EXERCISE DESCRIPTION:
Set down the records exactly as they stand, except for any pictures, which you should omit.

INPUT FOR THIS TASK:
============================================================

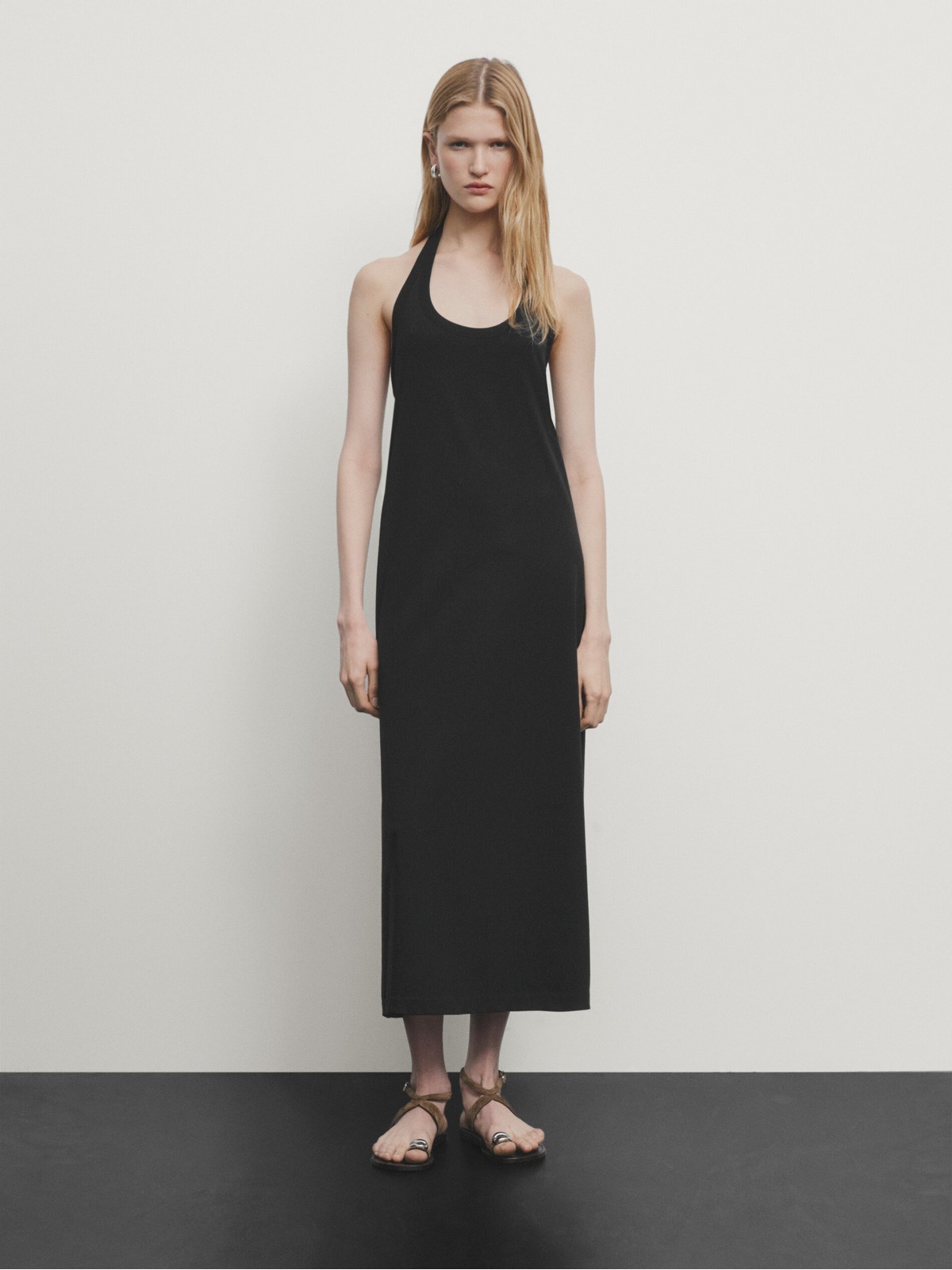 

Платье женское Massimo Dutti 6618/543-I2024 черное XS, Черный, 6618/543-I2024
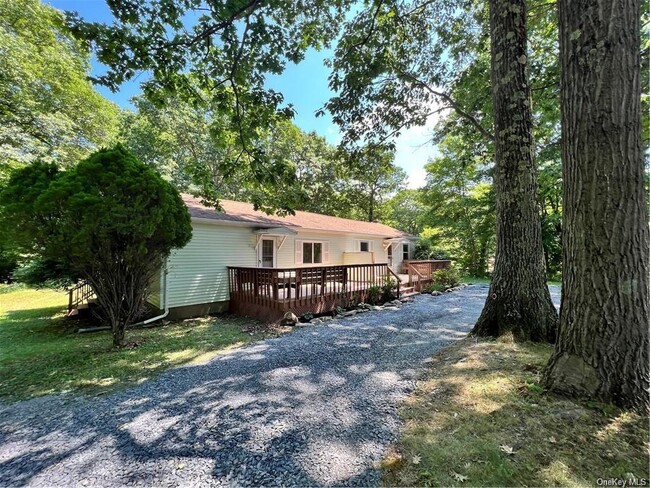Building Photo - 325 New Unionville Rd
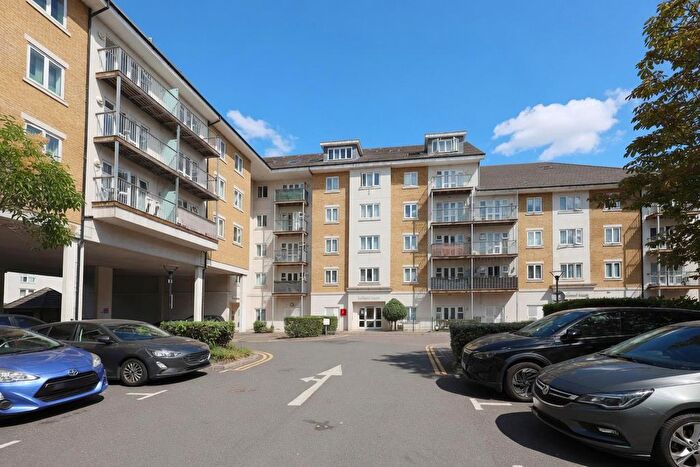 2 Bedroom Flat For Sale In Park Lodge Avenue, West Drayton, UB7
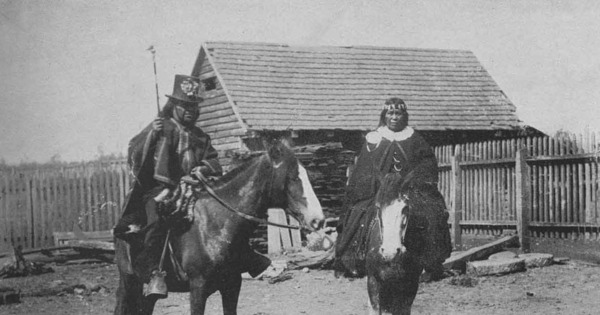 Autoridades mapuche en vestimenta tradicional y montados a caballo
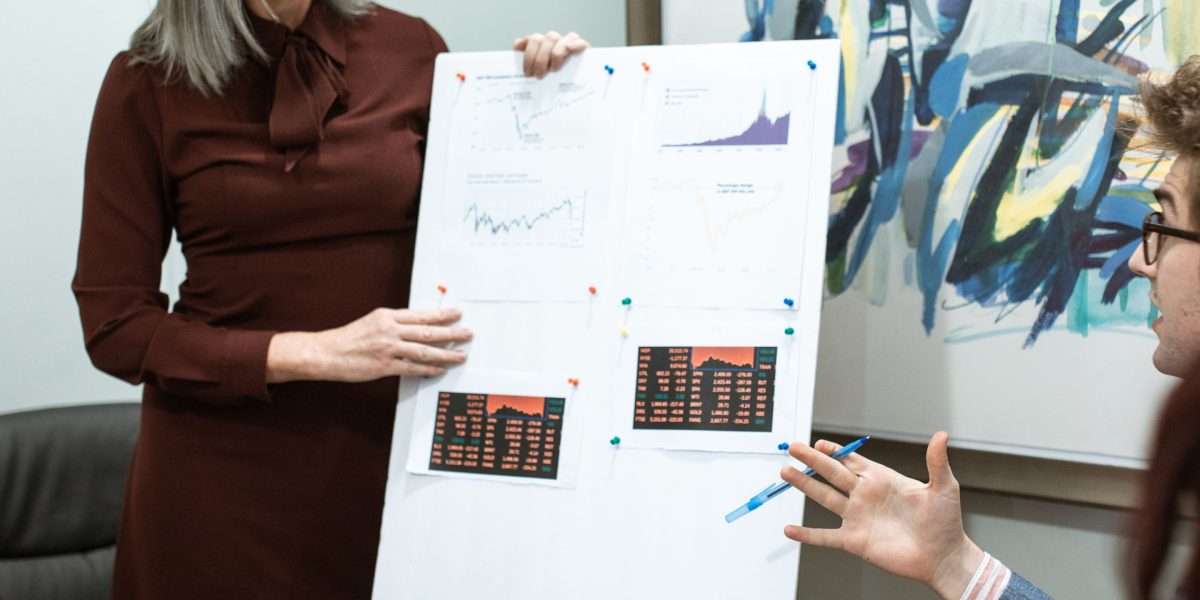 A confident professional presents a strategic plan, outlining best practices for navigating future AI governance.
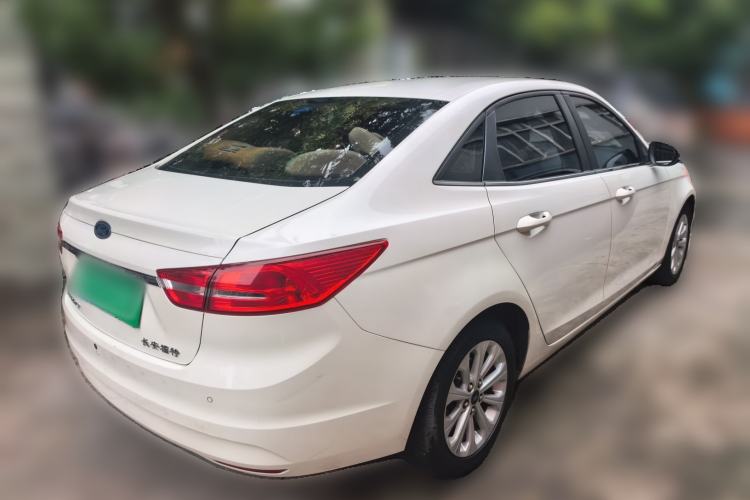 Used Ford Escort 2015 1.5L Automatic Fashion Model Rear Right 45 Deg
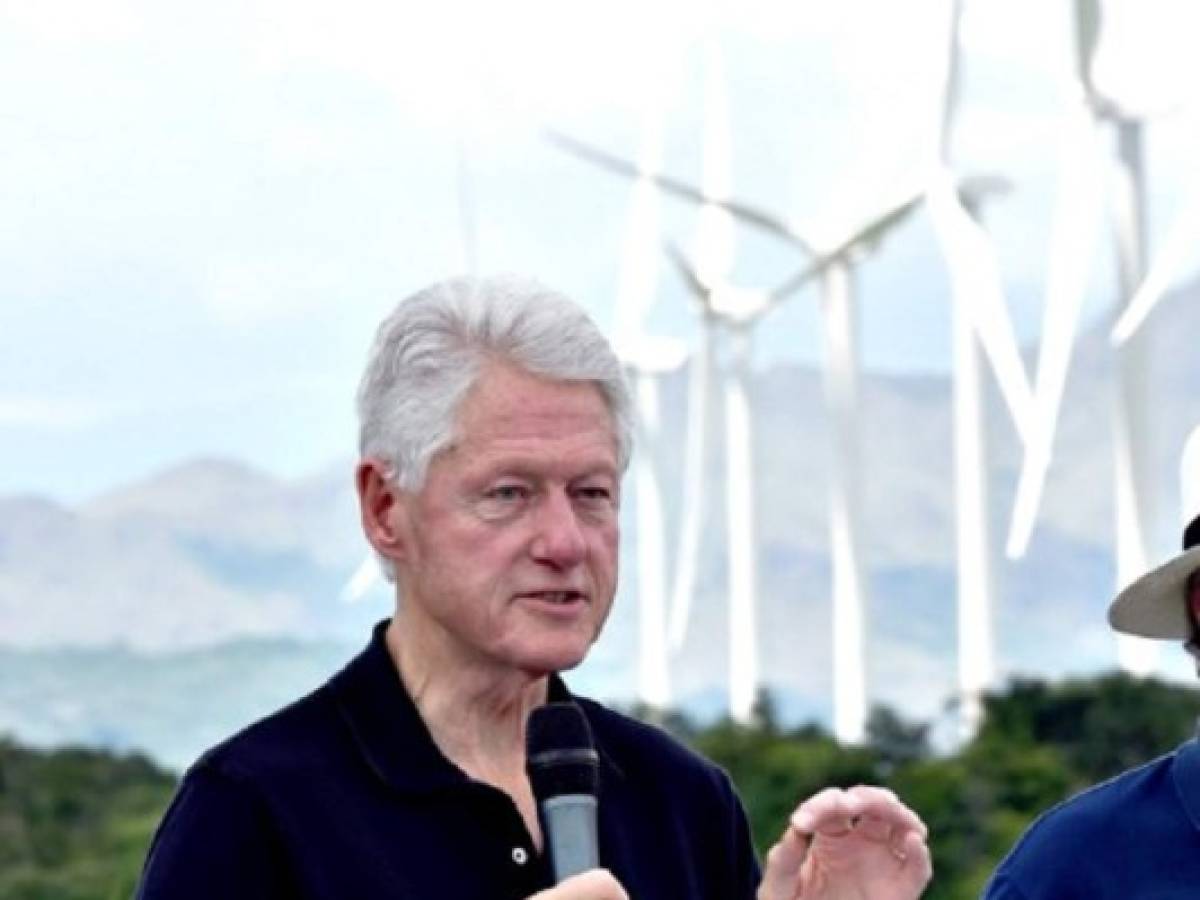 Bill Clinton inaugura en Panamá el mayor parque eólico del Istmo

============================================================

ANSWER BOX:
Платье женское Massimo Dutti 6618/543-I2024 черное XS, Черный, 6618/543-I2024
Building Photo - 325 New Unionville Rd
 2 Bedroom Flat For Sale In Park Lodge Avenue, West Drayton, UB7
 Autoridades mapuche en vestimenta tradicional y montados a caballo
 A confident professional presents a strategic plan, outlining best practices for navigating future AI governance.
 Used Ford Escort 2015 1.5L Automatic Fashion Model Rear Right 45 Deg
 Bill Clinton inaugura en Panamá el mayor parque eólico del Istmo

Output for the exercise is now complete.